On March 12, 2013, JTH Holding, Inc. (the Company) issued a press release regarding its earnings for the third quarter of the fiscal year ending April 30, 2013. A copy of the release is being furnished as Exhibit 99.1 hereto and incorporated herein by reference. In addition, on March 12, 2013 at 4:30 p.m. Eastern time, the Company will hold a teleconference for analysts, institutional investors and stockholders to discuss results for the third quarter of the fiscal year ending April 30, 2013.
The information under Item 2.02 of this Current Report on Form 8-K, including Exhibit 99.1, shall not be deemed filed for the purposes of Section 18 of the Securities Exchange Act of 1934, as amended, or otherwise subject to the liability of that section, nor shall it be deemed incorporated by reference in any filing under the Securities Act of 1933, as amended, except as shall be expressly set forth by specific reference in such filing.
Item 8.01. Other Events
On March 8, 2013, the Company entered into a Waiver to Revolving Credit and Term Loan Agreement with SunTrust Bank, as Administrative Agent, providing for waiver of compliance with the debt covenant applicable to the Company at January 31, 2013 (Waiver).
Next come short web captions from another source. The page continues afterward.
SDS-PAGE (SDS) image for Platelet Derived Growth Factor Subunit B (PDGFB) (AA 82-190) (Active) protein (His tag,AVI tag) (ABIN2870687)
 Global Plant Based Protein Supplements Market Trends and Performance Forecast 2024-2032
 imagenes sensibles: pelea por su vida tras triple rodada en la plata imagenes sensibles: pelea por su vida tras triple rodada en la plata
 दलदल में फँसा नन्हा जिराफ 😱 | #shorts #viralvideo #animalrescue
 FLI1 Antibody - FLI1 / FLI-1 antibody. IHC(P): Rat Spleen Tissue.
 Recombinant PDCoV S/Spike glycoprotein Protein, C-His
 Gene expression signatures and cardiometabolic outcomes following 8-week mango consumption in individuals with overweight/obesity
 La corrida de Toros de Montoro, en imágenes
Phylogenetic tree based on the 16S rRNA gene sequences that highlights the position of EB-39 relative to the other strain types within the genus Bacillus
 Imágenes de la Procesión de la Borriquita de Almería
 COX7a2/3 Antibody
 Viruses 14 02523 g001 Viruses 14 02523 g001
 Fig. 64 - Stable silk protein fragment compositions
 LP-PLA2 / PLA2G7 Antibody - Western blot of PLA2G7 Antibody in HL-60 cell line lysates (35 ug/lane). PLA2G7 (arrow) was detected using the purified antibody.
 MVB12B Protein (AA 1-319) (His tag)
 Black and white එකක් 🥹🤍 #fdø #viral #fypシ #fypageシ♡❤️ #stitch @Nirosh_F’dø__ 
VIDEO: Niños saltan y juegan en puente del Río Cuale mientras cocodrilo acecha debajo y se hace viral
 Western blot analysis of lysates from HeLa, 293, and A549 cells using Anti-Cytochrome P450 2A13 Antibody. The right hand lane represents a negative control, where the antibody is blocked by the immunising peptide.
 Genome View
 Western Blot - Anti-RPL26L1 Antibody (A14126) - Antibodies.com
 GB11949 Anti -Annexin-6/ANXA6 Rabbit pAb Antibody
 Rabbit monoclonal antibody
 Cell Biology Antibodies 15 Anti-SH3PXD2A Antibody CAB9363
The Waiver includes a one-time waiver of the Companys failure to comply with the requirement that it maintain a specified leverage ratio at the end of the Companys third fiscal quarter ending on January 31 each fiscal year. The Internal Revenue Service did not begin accepting electronic tax filings until January 30, 2013, approximately two weeks later than in previous tax seasons, and as further described in the press release attached as Exhibit 99.1 and in the Companys Form 10-Q for the period ending January 31, 2013, the resulting delay in the receipt of revenue attributable to tax filings resulted in the Companys failure to satisfy the leverage ratio requirement at January 31, 2013.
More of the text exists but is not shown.